二つ目は、誰もが見過ごしてきたものごとに対して何かしらの意味を与え、ストーリーを生み出していく行為ということです。つまり新しい価値を創造するということです。例えば右側はアニマルラバーバンドという輪ゴムです。輪ゴム自体は、用途と言えばものを束ねて縛るぐらいで、単機能のものですよね。それが動物の形をしているというだけです。でも、知らないで閉じてあるゴムをほどいた途端に動物が現れると、とてもビックリします。そして、これまでは単なる汚らしいゴムの輪っかに過ぎなかったものが、机の片隅で愛らしい物語を生むようになります。気持ちがちょっと和むだけでなく、使い捨てでなく大事に使おうという気持ちへと変えます。つまりこのデザインは、輪ゴムにこれまで存在しなかった新しい意味を与えていると言えます。
デザインとは何かという解釈では、今お話しした問題発見・問題解決、それから価値や意味の創造という二つは比較的よく言われます。これらは別々のモノではなく、見方の問題であることには注意しましょう。例えば今紹介したアニマルラバーバンドは、大事に使おうという意味では、サスティナブル(持続可能な)なデザインでもあります。つまり見方によっては、使い捨て文化に対する問題解決という解釈も成り立ちます。いいデザインは両者が同時に成り立っているものです。

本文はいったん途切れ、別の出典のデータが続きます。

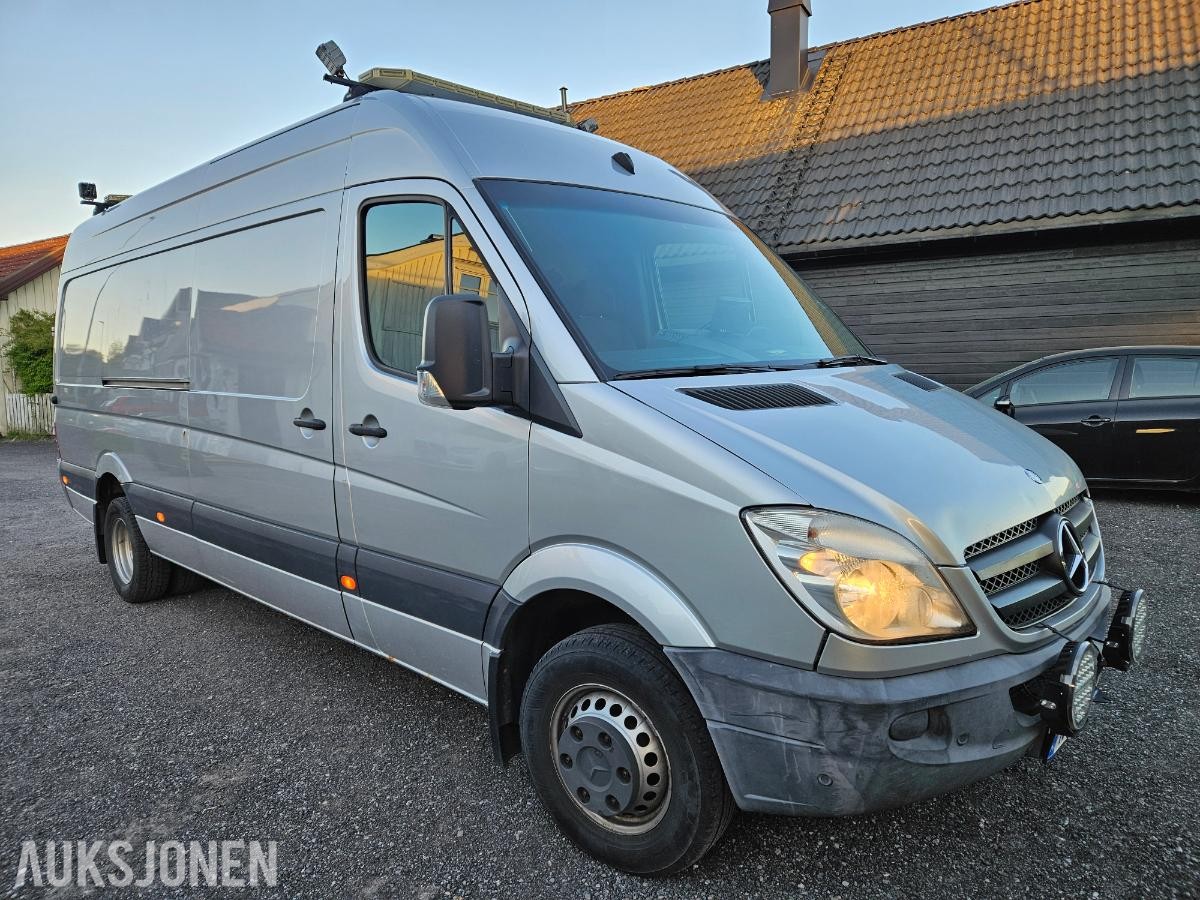 2011 Mercedes-Benz Sprinter, Automatisk, Skinninteriør, S+V dekk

これらに加えて、私が個人的に大事だと思っていることがもう一つあります。それは「デザインは、主体的な活動である」ということです。「現在の状況を好ましい方向に変える」という本来の意味からすると、デザイナーのような代理人にしてお任せしてやってもらったり、セレクトショップにありものを買ったりするのでなく、自分で対処し、工夫することです。例えば、左側はタクシーの料金をやりとりするトレイですが、お金を取りやすいように、運転手さんが自分でふちのところを切り取っています。あるいは右側は、あり合わせの廃材を使って清掃の道具を使いやすいように並べて掛けています。これらは目の前にある問題に対処するための、立派なデザインです。問題は解決して終わるわけでなく次々に生まれます。それを自分で捉え直して対処していくことです。高校で指導する場合は特に、この三番目に気付かせることが大事だと思っています。
ここまでの説明を一枚にまとめてみます。今お話ししたような、問題発見・問題解決、価値創造、主体性といった活動を、情報の学びの領域から取り組んでいくのが情報デザインだというと、うまく整理できるかなと思います。あくまでも私の経験に基づいた解釈ですので、まだ甘いところもあるでしょう。これをたたき台としてもっといい言い方に変えていければよいかと思っています。

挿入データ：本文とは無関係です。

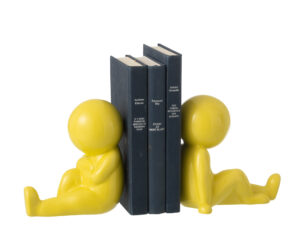 Boekensteun Grulis Steen Geel - Set van 2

デザインの考え方自体は、現在の社会で非常に求められています。しかし、今までは産業界が主導していたので、どうしても経済価値がある取り組みが優先されるという傾向があります。実際は小さな粒度であれば、デザインは皆がしているわけで、お金が発生しなくてもデザインすることは存在しているのです。デザイナーじゃないからデザインはできないとか、誰からも頼まれないからデザインする機会がない、というのは誤解です。
日々の学びの場はデザインの宝庫
「自分たちでやってみる」事例をご紹介しましょう。私の子どもは今、小2でスイミングスクールに通っていますが、毎度ゴーグルとか水泳帽子とか、いろいろなものを忘れてくるのですね。何度言っても直らないので、だったらリュックのファスナーを閉めるタイミングで、何かしら点検できるようなものがあればいいんじゃないか、と思ってこんな木のタグを作りました。ファスナーを閉める行為と中身をチェックする行為を重ねるというデザインです。先ほどのタクシーの運転手さんがトレイを自分で切ったのと同じで、忘れ物が多いという問題に対して、自分の手で必要なものを作るということです。これをファスナーに付けておくことで、自分で点検できるようにしたわけです。決してお金のためにやったことではありません。本当は全部子どもにやってほしかったのですが、この時はどんなものがあれば忘れ物が防げるのか、一緒に考えながら作りました。そうしたら、メダル状で付けているとかっこいいらしく、子どもたちの中で人気が出て、欲しがる子が続出しました。これはレーザカッターで切り出しています。デジタル工作機械を設置してあるところは最近街中にも増えていますので、個人でも簡単にものづくりすることができます。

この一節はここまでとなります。